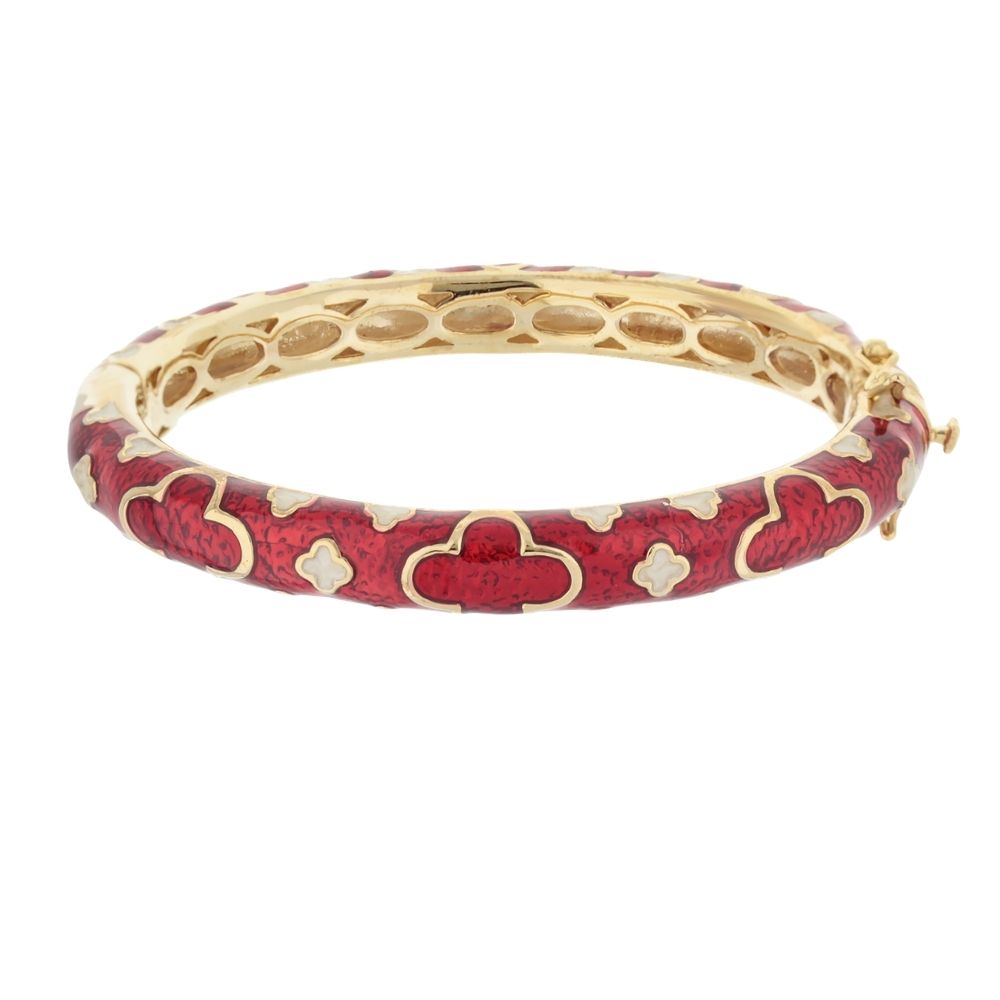 Art Deco stackable bangle bracelet by Lauren G Adams in red enamel with gold-tone clover motifs on Tampa Home & Garden Store
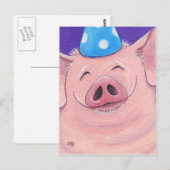 Happy Pig Dearing Een Party Pet Illustration Briefkaart (Voorkant / Achterkant)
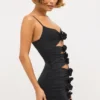 Aniela Slinky Jersey Rose Detail Cut Out Minikjoler i svart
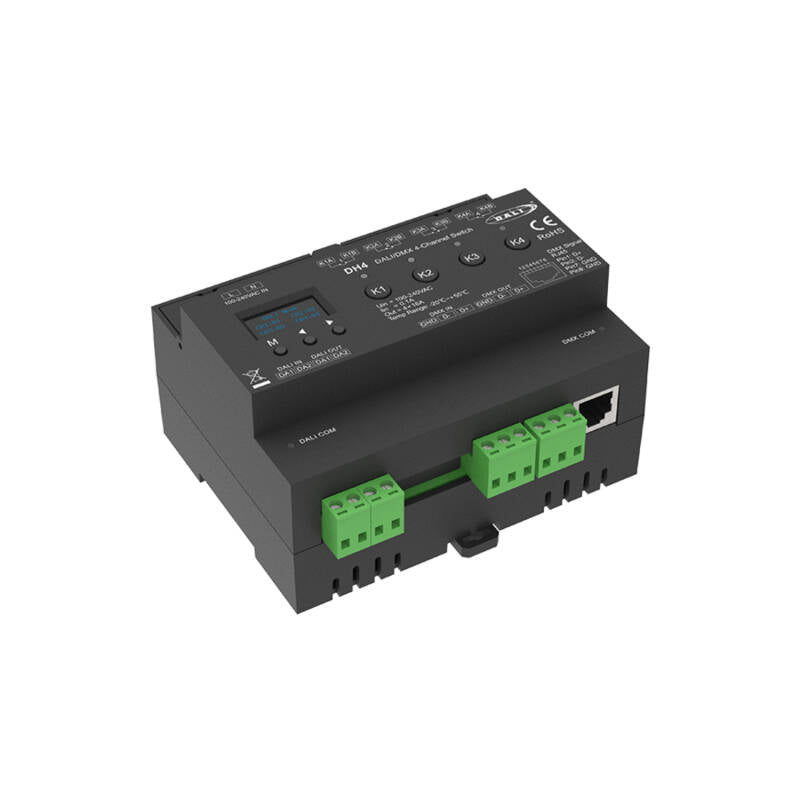 Módulo Relé ON/OFF DALI-2 / DMX 4 Canais 16A SKYDANCE DH4 para Calha DIN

§ Work request: Retype the whole listing exactly and leave the pictures out.

§ Answer for the task:
 Art Deco stackable bangle bracelet by Lauren G Adams in red enamel with gold-tone clover motifs on Tampa Home & Garden Store
 Happy Pig Dearing Een Party Pet Illustration Briefkaart (Voorkant / Achterkant)
 Aniela Slinky Jersey Rose Detail Cut Out Minikjoler i svart
 Módulo Relé ON/OFF DALI-2 / DMX 4 Canais 16A SKYDANCE DH4 para Calha DIN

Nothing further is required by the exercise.